With indifferent shrugs

For “Marriage, Mother’s Day, Christmas!”

Any respectful debate

With apologists for hate,

Must start with confession

Of their part in repression

Of the kids in their hood

Who were misunderstood.

In my Wollongong days,

Boys beat up the “gays,”

No mercy was shown,

No dignity was known.

For the “no” side it suits

To swap the black boots,

To reverse weak and strong

As they’ve been all along,

And to say they’re walking a mile

In our shoes.

This would be fit for satire

If repugnance and ire

Could stay contained.

Sometimes they can’t:

If I deny apartheid, 

A black person is right not to hide

Their contempt for my views.

If I deny genocide

The victims are right to abide

None of my views! 

If the “nos’” strongest point is that we’re too loud,

It’s time that we all finally felt proud.
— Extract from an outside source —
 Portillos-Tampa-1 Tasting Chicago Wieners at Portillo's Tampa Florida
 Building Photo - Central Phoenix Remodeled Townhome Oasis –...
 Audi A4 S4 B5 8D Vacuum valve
And to the lady in Whitebridge who put up a fight, 

Two guys were humbled by your belief in what’s right

Adam Russoniello, Sydney

Praise for free speech

CONGRATULATIONS to Jeff Corbett for not restricting his views for the sake of political correctness, and saying it as he sees it, and for the Herald for providing free speech (‘Downsizing the dream’, Herald, 30/9). 

Two subjects l believe have been used and abused, resulting in confusion, misunderstanding and loss of the Australian way of life. Whether my praise will be published, may be too much all at once, but then again, maybe it won't.